* What needs to be done:
Check every line of the data and copy the ones where "Apartamento" appears.

(Data provided begins)

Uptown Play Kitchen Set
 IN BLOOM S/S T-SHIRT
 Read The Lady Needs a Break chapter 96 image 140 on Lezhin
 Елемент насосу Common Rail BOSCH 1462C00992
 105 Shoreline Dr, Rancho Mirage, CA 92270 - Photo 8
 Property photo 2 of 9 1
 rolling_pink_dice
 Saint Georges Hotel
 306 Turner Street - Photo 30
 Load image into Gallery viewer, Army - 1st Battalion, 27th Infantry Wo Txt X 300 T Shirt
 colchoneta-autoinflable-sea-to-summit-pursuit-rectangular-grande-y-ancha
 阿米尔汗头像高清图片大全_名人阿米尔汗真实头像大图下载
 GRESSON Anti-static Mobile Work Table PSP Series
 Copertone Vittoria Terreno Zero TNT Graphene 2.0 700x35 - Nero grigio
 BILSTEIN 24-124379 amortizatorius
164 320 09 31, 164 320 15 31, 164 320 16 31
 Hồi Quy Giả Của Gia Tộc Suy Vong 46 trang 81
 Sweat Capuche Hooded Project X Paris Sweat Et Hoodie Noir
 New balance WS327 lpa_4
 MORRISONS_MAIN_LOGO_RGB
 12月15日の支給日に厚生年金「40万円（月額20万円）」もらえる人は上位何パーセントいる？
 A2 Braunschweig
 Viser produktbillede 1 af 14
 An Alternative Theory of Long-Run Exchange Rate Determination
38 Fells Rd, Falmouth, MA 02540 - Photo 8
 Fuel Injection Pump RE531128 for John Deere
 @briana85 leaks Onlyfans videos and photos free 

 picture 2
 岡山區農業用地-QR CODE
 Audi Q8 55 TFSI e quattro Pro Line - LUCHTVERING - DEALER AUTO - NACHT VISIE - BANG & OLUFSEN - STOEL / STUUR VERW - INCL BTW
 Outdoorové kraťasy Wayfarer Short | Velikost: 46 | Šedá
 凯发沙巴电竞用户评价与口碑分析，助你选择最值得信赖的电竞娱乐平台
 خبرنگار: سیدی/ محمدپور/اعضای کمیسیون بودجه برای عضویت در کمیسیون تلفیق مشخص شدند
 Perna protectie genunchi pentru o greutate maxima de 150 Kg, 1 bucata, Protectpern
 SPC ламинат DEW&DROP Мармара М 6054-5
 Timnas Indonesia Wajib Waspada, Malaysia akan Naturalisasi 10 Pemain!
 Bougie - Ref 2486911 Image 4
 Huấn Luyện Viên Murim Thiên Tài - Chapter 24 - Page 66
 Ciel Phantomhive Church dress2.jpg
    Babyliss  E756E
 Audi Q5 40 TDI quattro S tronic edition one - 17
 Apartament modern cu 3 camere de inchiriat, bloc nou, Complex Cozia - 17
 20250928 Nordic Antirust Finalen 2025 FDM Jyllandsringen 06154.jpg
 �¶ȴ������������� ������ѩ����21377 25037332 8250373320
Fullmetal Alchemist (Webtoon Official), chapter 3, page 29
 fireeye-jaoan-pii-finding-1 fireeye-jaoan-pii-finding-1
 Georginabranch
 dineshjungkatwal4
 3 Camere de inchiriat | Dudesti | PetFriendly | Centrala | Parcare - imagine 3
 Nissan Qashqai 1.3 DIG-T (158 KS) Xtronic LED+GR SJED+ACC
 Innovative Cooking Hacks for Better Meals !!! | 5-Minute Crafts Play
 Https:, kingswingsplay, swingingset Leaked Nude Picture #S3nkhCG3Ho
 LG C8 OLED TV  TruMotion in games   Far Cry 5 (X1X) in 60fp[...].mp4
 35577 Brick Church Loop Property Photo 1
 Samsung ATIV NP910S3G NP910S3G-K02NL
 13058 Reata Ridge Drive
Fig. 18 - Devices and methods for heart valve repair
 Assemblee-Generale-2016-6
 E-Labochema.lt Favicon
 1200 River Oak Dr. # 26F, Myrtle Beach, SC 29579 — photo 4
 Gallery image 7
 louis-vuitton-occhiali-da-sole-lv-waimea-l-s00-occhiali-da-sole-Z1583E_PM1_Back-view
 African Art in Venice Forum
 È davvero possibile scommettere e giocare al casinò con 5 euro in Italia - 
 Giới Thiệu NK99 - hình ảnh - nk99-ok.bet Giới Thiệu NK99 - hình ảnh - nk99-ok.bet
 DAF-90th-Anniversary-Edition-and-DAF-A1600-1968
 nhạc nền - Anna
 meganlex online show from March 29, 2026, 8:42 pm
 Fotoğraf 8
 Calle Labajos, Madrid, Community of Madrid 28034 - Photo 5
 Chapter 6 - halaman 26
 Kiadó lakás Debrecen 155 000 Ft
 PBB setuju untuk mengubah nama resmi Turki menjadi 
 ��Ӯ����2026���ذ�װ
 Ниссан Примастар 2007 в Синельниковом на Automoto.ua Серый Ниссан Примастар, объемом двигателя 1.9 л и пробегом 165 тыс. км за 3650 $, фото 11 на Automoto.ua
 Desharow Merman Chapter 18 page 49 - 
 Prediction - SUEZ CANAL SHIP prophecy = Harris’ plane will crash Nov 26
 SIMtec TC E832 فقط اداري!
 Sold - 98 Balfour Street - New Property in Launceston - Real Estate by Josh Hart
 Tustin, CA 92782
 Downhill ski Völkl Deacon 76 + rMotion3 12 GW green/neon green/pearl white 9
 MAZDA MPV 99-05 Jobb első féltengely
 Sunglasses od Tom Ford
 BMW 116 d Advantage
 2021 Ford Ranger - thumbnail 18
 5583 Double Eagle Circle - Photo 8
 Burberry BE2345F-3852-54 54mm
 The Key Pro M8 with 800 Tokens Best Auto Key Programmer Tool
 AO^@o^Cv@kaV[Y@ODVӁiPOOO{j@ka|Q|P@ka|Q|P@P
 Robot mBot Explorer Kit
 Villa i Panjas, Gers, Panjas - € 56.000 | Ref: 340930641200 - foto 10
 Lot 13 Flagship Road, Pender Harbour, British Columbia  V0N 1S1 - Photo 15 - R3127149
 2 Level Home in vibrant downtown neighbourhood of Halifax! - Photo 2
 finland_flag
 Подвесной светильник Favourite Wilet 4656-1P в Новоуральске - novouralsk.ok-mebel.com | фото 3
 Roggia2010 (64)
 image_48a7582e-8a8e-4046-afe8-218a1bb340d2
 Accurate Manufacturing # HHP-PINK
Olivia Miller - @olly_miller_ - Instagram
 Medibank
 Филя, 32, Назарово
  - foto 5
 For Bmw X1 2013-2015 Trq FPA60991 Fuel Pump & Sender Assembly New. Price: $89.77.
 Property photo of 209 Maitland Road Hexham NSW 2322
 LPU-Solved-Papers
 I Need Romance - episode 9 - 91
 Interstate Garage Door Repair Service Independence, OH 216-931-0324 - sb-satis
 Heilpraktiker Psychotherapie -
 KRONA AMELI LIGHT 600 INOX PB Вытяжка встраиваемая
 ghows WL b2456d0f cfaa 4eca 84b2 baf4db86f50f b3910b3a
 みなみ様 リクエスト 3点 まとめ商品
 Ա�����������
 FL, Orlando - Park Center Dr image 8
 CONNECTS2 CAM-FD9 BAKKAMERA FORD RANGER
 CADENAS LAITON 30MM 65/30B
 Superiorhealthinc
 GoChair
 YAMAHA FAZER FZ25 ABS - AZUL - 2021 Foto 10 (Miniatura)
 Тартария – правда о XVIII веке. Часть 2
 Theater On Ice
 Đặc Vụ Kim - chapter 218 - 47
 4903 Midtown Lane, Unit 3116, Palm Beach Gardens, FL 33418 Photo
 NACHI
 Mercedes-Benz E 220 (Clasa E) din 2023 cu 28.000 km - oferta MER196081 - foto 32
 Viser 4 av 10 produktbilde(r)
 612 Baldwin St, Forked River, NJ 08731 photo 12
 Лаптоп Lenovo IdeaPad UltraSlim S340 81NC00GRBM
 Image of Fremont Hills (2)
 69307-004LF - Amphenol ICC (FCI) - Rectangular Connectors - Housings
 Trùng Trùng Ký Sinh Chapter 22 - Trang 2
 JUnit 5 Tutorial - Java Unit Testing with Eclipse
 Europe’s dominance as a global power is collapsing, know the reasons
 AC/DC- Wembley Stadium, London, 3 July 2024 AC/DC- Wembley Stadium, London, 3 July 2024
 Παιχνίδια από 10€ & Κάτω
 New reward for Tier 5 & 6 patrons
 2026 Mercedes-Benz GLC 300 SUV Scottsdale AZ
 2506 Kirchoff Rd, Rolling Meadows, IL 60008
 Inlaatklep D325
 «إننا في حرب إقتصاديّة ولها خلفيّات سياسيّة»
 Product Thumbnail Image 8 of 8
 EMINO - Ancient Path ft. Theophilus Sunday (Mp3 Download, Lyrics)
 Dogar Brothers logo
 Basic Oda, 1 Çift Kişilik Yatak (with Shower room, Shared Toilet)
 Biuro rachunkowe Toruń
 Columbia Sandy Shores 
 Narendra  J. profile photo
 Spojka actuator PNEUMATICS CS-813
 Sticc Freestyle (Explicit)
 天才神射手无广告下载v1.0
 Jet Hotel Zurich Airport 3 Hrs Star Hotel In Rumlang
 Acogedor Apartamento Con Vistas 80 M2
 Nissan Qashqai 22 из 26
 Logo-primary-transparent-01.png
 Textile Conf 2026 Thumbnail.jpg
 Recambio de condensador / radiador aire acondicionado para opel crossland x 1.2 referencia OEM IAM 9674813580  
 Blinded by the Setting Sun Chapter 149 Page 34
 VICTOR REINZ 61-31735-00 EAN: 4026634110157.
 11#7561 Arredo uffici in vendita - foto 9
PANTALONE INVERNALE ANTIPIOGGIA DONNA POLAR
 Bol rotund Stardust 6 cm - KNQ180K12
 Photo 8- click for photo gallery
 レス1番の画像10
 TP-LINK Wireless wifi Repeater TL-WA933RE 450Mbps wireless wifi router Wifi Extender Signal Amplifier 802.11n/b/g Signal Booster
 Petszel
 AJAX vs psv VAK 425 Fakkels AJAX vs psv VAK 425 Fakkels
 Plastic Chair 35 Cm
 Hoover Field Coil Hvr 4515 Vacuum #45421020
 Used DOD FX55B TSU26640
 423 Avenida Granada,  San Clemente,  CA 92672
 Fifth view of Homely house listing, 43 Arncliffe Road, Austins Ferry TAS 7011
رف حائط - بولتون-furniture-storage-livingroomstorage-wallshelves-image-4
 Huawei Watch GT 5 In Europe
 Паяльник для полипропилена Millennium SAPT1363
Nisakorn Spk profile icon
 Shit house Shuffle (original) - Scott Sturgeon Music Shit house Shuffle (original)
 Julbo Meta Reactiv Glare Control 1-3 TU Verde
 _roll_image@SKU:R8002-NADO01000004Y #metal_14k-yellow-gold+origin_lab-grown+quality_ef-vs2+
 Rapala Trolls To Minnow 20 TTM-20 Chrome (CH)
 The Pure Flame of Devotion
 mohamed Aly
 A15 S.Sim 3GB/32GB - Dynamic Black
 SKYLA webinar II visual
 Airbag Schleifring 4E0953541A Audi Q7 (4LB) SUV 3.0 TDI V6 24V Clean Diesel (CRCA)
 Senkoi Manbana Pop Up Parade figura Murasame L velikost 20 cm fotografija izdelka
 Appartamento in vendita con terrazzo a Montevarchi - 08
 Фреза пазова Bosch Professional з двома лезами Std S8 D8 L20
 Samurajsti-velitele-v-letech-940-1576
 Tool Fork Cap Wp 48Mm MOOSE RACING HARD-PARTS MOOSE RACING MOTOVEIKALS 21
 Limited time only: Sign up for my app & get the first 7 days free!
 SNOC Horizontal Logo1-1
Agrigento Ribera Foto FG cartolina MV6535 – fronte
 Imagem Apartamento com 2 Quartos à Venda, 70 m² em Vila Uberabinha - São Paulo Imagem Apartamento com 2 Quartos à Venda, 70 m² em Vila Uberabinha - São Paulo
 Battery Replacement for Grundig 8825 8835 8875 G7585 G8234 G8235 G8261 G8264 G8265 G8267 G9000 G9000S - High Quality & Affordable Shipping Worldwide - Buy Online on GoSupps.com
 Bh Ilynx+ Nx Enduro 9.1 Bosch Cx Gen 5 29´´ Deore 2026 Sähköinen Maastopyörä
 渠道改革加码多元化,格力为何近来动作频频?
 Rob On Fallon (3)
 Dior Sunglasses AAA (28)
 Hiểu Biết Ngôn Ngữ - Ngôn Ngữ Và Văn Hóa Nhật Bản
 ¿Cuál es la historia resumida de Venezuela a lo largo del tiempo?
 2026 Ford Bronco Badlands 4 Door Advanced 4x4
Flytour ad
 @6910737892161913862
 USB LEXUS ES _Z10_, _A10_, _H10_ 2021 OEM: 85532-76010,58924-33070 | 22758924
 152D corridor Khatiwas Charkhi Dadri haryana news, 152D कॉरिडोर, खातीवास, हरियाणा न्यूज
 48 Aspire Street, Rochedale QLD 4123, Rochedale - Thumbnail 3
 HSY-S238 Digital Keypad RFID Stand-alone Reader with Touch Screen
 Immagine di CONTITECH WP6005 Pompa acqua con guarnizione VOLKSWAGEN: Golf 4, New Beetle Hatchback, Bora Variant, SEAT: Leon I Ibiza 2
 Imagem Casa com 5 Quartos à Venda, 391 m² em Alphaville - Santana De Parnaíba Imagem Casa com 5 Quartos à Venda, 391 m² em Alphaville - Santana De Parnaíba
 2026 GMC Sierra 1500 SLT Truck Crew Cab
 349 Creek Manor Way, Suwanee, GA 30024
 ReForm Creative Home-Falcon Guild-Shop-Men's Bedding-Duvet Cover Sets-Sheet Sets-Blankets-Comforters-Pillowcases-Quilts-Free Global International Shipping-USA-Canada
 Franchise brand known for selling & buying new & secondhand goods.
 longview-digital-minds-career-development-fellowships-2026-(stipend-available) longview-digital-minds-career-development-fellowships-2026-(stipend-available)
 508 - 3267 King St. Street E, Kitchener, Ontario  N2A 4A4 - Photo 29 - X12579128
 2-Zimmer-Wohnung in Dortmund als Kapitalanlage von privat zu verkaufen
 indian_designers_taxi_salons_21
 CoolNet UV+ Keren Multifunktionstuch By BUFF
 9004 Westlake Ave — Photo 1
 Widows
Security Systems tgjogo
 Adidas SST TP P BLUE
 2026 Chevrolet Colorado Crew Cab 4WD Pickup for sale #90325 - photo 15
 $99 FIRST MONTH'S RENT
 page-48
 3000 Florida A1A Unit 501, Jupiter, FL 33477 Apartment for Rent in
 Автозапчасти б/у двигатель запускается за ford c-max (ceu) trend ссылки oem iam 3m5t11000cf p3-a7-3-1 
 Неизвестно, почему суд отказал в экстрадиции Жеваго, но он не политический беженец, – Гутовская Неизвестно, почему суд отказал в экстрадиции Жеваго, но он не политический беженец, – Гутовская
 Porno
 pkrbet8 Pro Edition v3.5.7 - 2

(Data provided ends)

* Solution to this task:
 Acogedor Apartamento Con Vistas 80 M2
 Imagem Apartamento com 2 Quartos à Venda, 70 m² em Vila Uberabinha - São Paulo Imagem Apartamento com 2 Quartos à Venda, 70 m² em Vila Uberabinha - São Paulo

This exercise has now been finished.